The Strode Venturer
- First edition cover (UK)
- Author: Hammond Innes
- Cover artist: Kenneth Farnhill
- Language: English
- Genre: Thriller Novel
- Publisher: Collins (UK)
- Publication date: 1965
- Publication place: United Kingdom
- Pages: 319

= The Strode Venturer =

1965 novel by Hammond Innes

The Strode Venturer is a thriller by British author Hammond Innes published in 1965.

==Plot==
Geoffrey Bailey returns to London, leaving behind a career in the Royal Navy and a ruined marriage in Singapore. He becomes involved in the affairs of the Strode Shipping Company, the company which ruined his father's shipping firm, with a job offer to locate the black sheep of the Strode clan, Peter Strode, who was last seen in Aden. Bailey eventually locates Peter Strode in Addu, in the southern Maldive Islands, where he is obsessed with helping the nascent Addu People's Republic against the Maldive government, and with relocating an uninhabited island in the southern Indian Ocean which is rich in manganese deposits which can both help the Adduan people and the financially failing Strode Shipping Company.

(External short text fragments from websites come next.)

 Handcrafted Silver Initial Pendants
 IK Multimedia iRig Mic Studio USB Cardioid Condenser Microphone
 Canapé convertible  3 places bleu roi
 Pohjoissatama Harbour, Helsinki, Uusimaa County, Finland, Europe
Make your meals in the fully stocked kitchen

However, the ruling Strode brothers have other plans, which do not necessarily include the return of either Peter Strode or Bailey to London. In addition to the dangers of volcanic islands and the unexplored ocean, Bailey must also face the dangers of boardroom politics and financial warfare in civilised London.

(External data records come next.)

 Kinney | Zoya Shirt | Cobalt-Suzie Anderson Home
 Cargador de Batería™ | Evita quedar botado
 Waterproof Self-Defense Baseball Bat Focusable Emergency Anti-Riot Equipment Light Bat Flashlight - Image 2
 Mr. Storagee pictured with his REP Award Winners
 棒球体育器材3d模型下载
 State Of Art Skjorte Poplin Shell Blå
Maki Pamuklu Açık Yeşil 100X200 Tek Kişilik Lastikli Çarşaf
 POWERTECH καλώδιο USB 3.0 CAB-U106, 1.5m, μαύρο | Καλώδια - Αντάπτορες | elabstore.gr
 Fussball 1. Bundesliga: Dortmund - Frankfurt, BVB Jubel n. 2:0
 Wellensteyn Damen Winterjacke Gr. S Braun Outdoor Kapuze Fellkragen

The Strode Venturer is notable for strong characterization and the exploration of such themes as family honour, the bounds of loyalty and man's relationship to nature, themes which would continue in Innes' later works.

Like many of Innes' novels, the hero faces all sorts of obstacles, which he has to overcome, including a family tragedy. The psychological characterization of the hero gives the book an added interest.

An adaptation of the book was broadcast in BBC radio 4's Saturday Night Theatre in 1974, with Martin Jarvis playing Peter Strode.